In light of the growing fallout in the subprime mortgage market, this could be the year the long-suffering Federal Housing Administration gets its much-needed makeover.
Unfortunately, though, it's taking a brutal financial climate for some homeowners to trigger an increased push for modernization legislation. Despite that nasty climate, legislation now making its way through Congress that would revamp the FHA and its mortgage programs is still far from a sure thing.
Legislation that would overhaul and modernize the FHA recently met with approval in the House Financial Services Committee, and the entire House will likely vote on the measure sometime in June. Passage there would send the measure onto the Senate, which killed a similar legislative measure last year.
Some observers believe the disastrous climate surrounding the subprime crisis makes the legislation a no-brainer.
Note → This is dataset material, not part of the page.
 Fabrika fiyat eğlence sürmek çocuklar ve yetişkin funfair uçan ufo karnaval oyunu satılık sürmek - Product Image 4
Overall, about one in five people who obtained subprime mortgages in the last two years will wind up in foreclosure, according to the Center for Responsible Lending, a nonprofit advocacy group.
More than a half-million borrowers have lost their homes in the subprime market, and industry experts project that another 2 million or so are likely to meet a similar fate as the subprime crisis spirals.
A revamped and modernized FHA could help those borrowers recapture their financial futures through the administration's government-backed loans and refinance programs. But nationally syndicated real estate columnist Kenneth R. Harvey pointed to a few spots where the pending legislation could snag, including a provision that would divert new revenues created by a bigger FHA for homeowner counseling, technological improvements or use in an "affordable housing fund," according to Harvey's column.
He also notes that private mortgage groups have a keen interest in keeping this legislation from hitting the books.
Despite those possible obstacles, Harvey says the legislation has a decent shot at full passage.
"Bottom line for reform: Slam dunk? No way. But the bill has a shot — either in its current form or by having essential provisions transplanted into an appropriations bill that can sidestep the land mines buried and waiting in the Senate — without blowing up," he writes.